What you write must be the lines from the one holding "Se strică vremea" through the final line of the records below, reproduced exactly, minus the pictures.

(Extracted data)

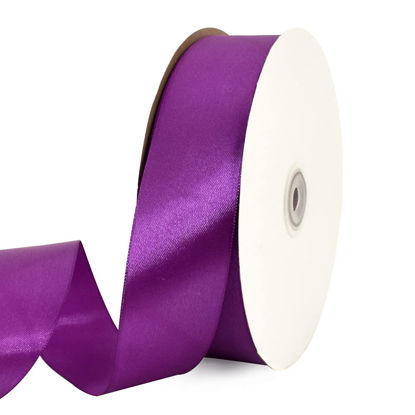 Picture of TONIFUL 1-1/2 Inch (40mm) x 100 Yards Purple Wide Satin Ribbon Solid Fabric Ribbon for Gift Wrapping Chair Sash Valentine's Day Wedding Birthday Party Decoration Hair Floral Craft Sewing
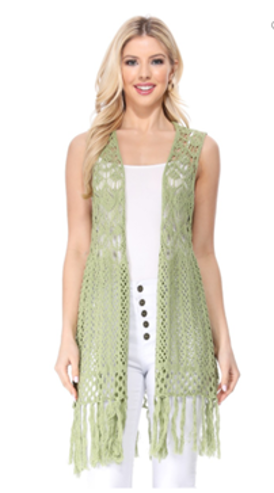 Sage Crochet Knitted Vest with Fringe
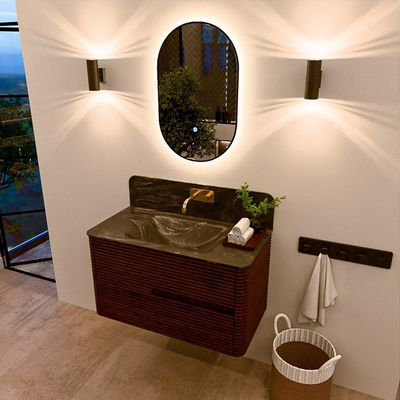 Mondiaz CIRO-DLUX Badkamermeubelset - 90x45x50cm - Solid surface wastafel Lava - 1 wasbak Midden - zonder kraangaten - 2 lades - Ruby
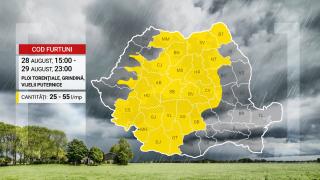 Se strică vremea în ultimul weekend din august. Meteorologii au emis cod galben de ploi pentru mai multe zone din ţară, până duminică seara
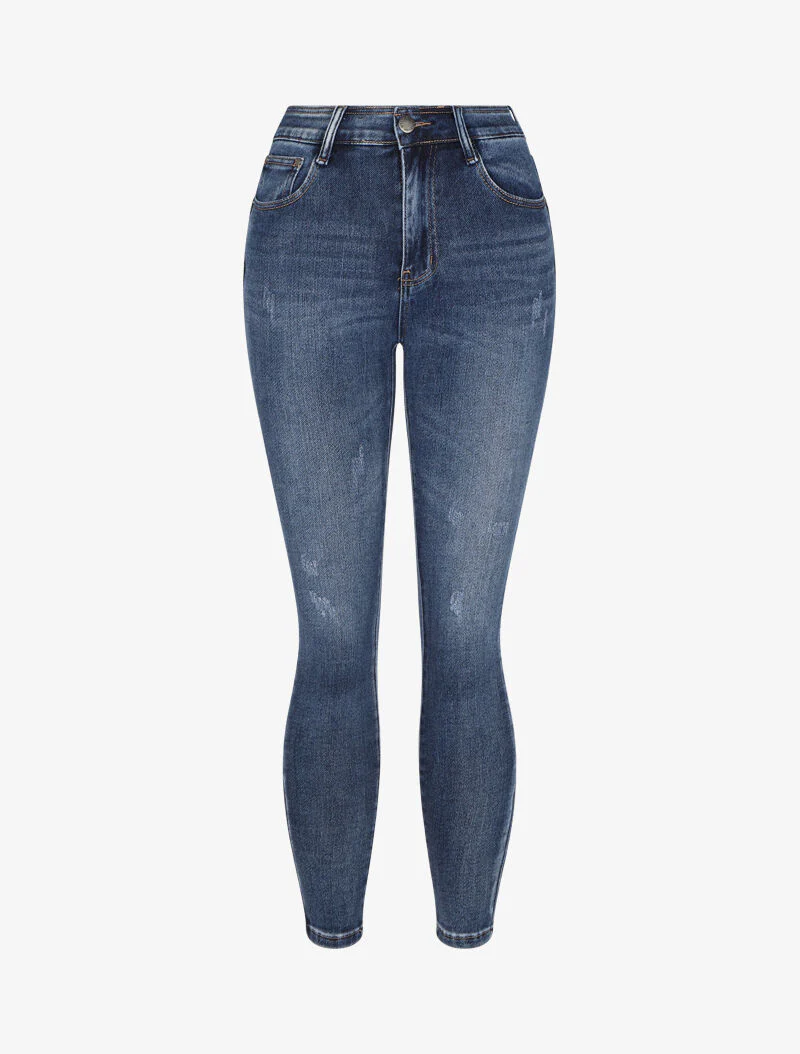 Skinny stretch jeans met scheuren - Blauw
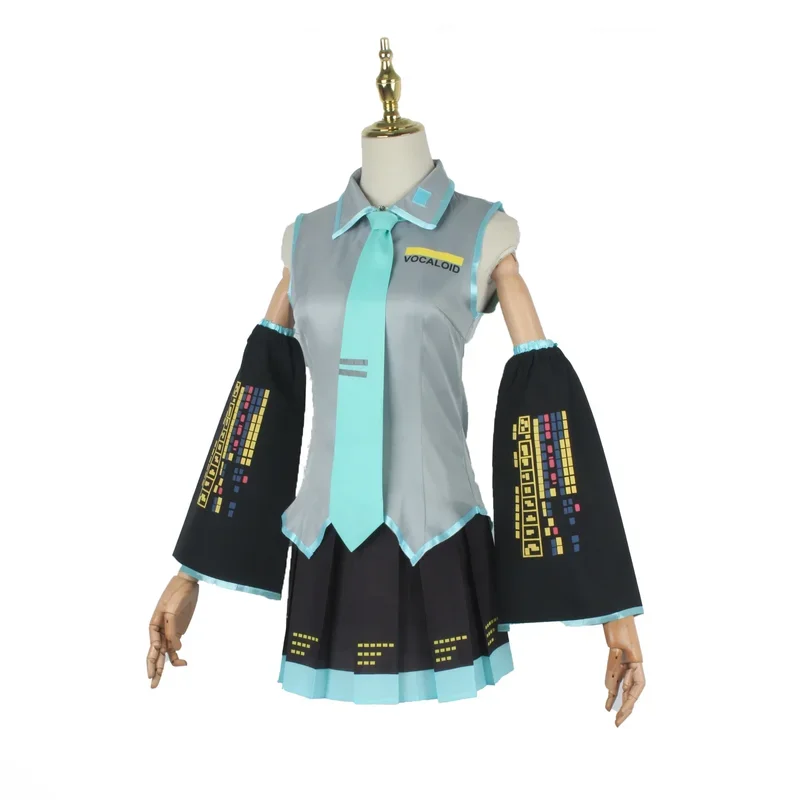 Miku Cosplay Full Set Silber Grau Lack leder Stoff Anzug Miku Cosplay Schuhe Kopf bedeckung Kostüm Outfit JK Uniform Cosplay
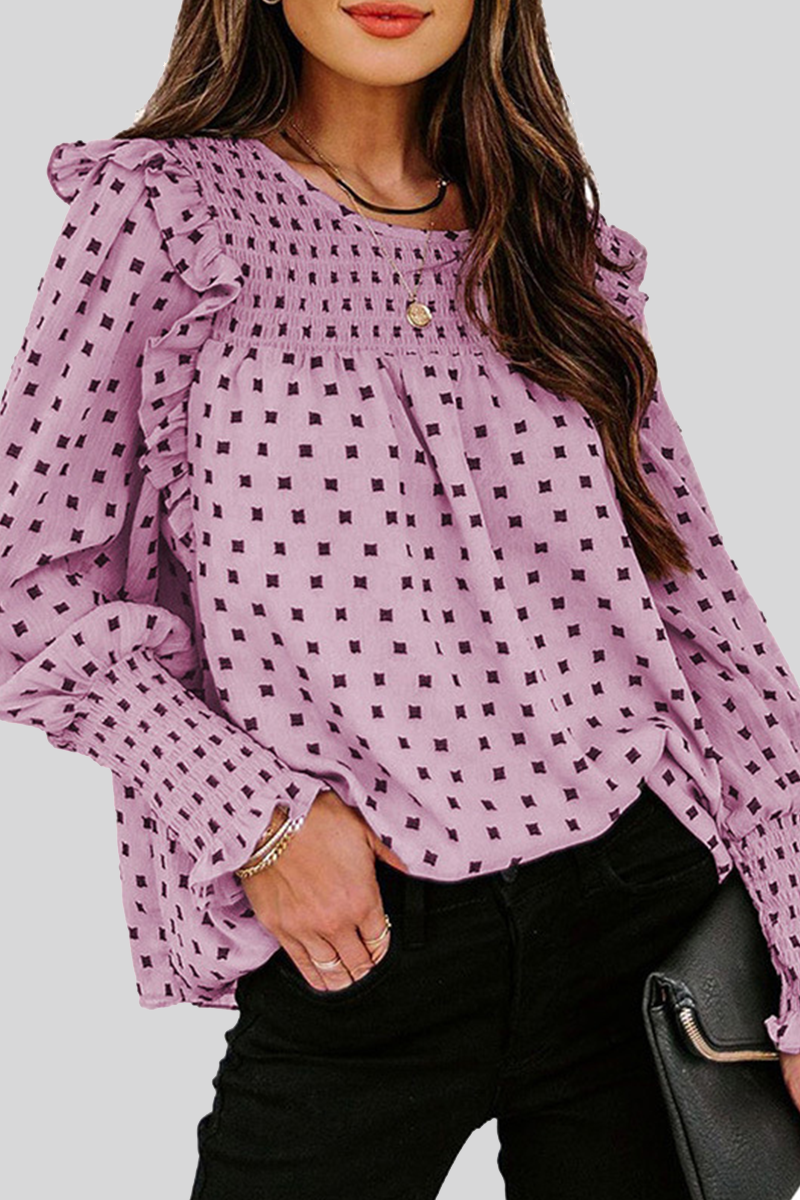 Edna | Damen Smok Bluse Puffärmel Gemustertes Oberteil Damen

(End Extracted data)

*Exercise answer*
 Se strică vremea în ultimul weekend din august. Meteorologii au emis cod galben de ploi pentru mai multe zone din ţară, până duminică seara
 Skinny stretch jeans met scheuren - Blauw
 Miku Cosplay Full Set Silber Grau Lack leder Stoff Anzug Miku Cosplay Schuhe Kopf bedeckung Kostüm Outfit JK Uniform Cosplay
 Edna | Damen Smok Bluse Puffärmel Gemustertes Oberteil Damen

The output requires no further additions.